Quatre-vingt pour cent de la désinfection passe par un bon curage, détrempage et nettoyage. Une désinfection sur surfaces sales n'a aucun intérêt.
© A. Labry/Farago Sud-Ouest

Dans les bâtiments utilisés pendant l’été, les mouches domestiques peuvent constituer une nuisance importante. Cela peut concerner des animaux en engraissement, des vaches qui peuvent aller et venir à leur gré entre des bâtiments et des prairies, ou encore des vaches qui sont rentrées en fin d’été pour vêler.

« Le traitement est à adapter à la situation de chaque élevage. Mais les actions à mettre en place pour maîtriser les populations de mouches sont toujours à entreprendre longtemps avant les périodes chaudes » rappelle Virginie Pabiou du GDS de Côte d’Or.

« Il faut intervenir dès le mois de mars, voire dès février, et éventuellement on peut encore commencer à partir d’avril en fonction des conditions météo. » Le cycle de reproduction des mouches accélère avec la température : il dure 44 jours à la température de 16°C, contre 7 jours à 35 °C.

La maîtrise des populations de mouches passe d’abord par une bonne hygiène des bâtiments. Il s’agit de réduire les sources de nourriture pour les mouches et les lieux de ponte. Pour pondre, les mouches ont besoin de matières organiques. « Le nettoyage, en particulier sur les bords de silos et les stockages d’aliments, et la bonne ventilation contribuent au contrôle du nombre des mouches et aussi à une meilleure efficacité des insecticides. »

Pour une lutte efficace, il faut toujours combiner un traitement larvicide et un traitement adulticide. « Les larves et pupes représentent 80 % de la population active. Les adultes ne sont que la partie visible de l’infestation. »

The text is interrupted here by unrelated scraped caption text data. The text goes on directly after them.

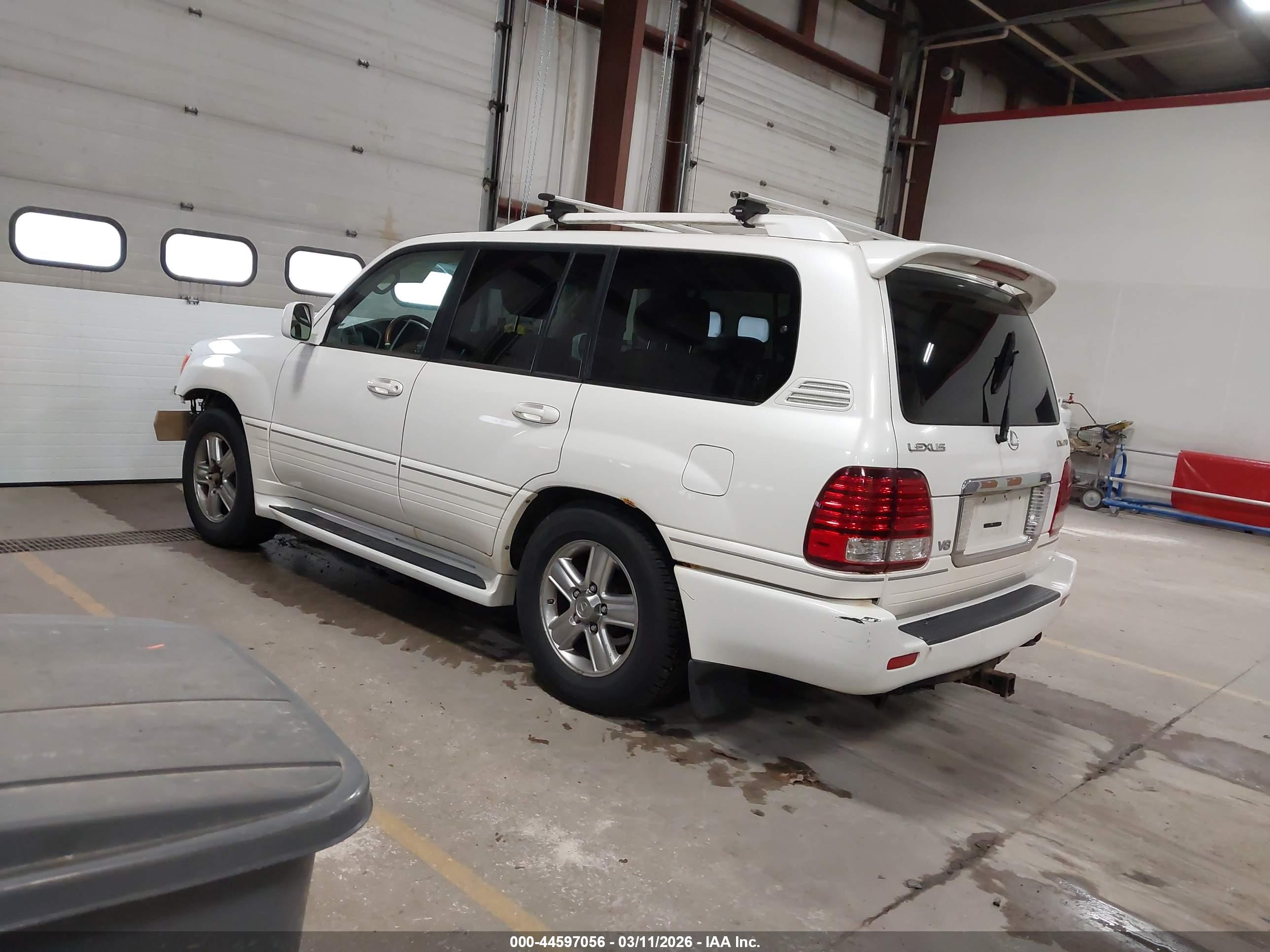 LEXUS LX image 3
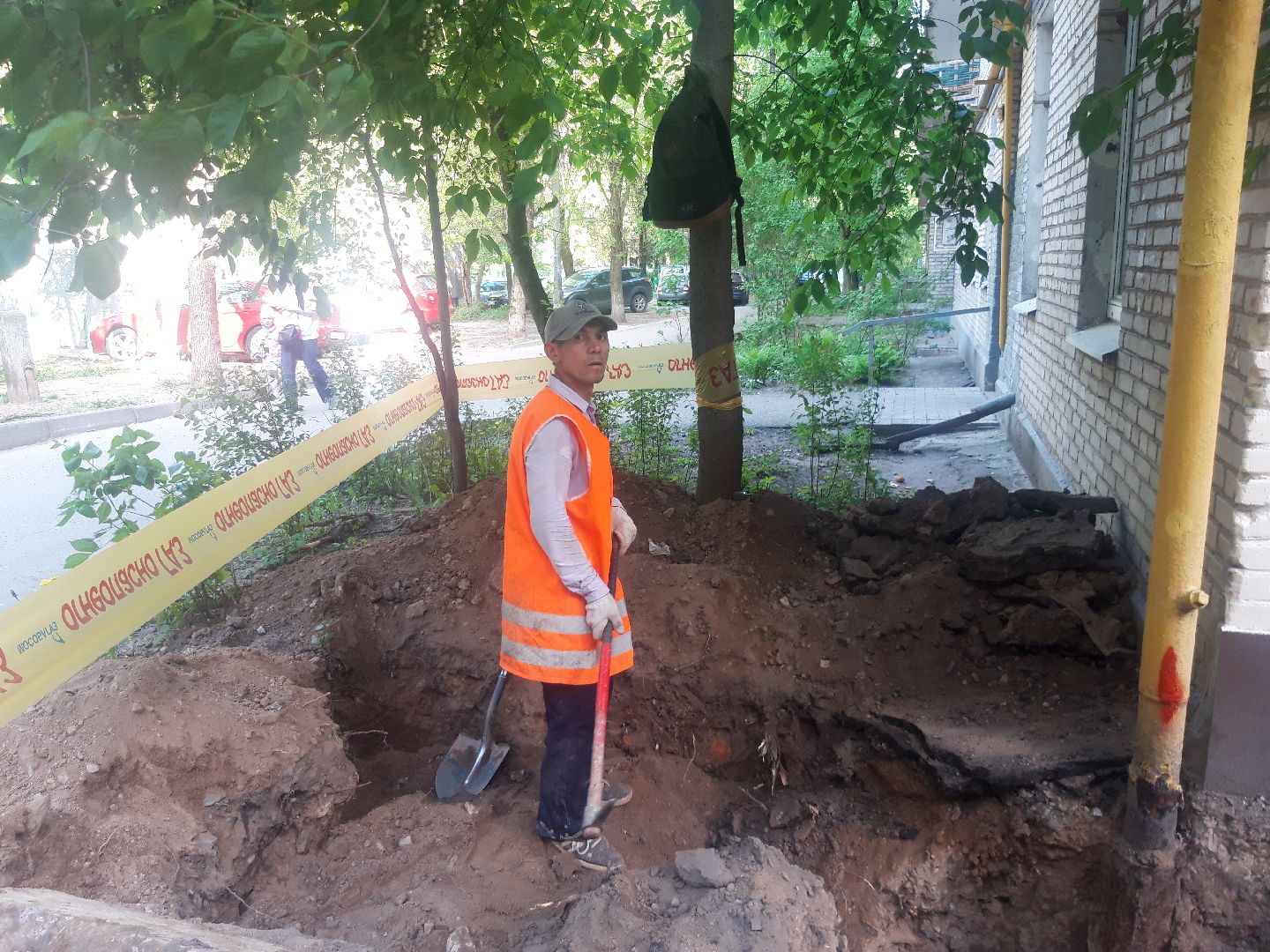 двор, помощь людям,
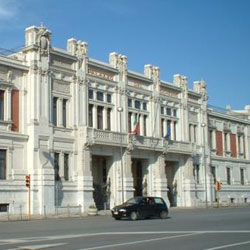 Messina, invalida al 100% a passeggio...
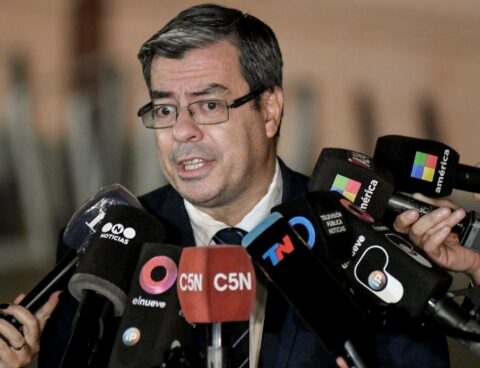 Deputy Germán Martínez repudiated the demonstration in Plaza de Mayo: "They are coup plotters"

La première application de traitement larvicide doit être faite dès le mois de mars, voire février, et l'opération sera à renouveler toutes les quatre semaines en respectant strictement les doses et le mode opératoire du produit. Les larvicides sont des inhibiteurs de croissance, qui bloquent la synthèse de la cuticule et empêchent la formation de pupes. « Ils s’appliquent sur les litières, les fumières, les fosses à lisier, en privilégiant les zones non piétinées par les animaux sous les abreuvoirs, sous les auges... »

Le traitement adulticide s’applique sur des parois propres par pulvérisation, badigeon ou dispersion de granulés. Il est à renouveler toutes les quatre à six semaines selon les produits et l’importance de l’infestation.

Il est indispensable de porter des équipements de protection individuelle adaptés lors de ces traitements.

« En complément de ces traitements, il peut être mis en place des destructeurs électriques avec plaques de glue, des diffuseurs d’insecticide, des rubans englués pour capturer les mouches, et des brasseurs d’air » énumère Virginie Pabiou. On peut aussi avoir recours aux prédateurs (acariens, mini guêpes…).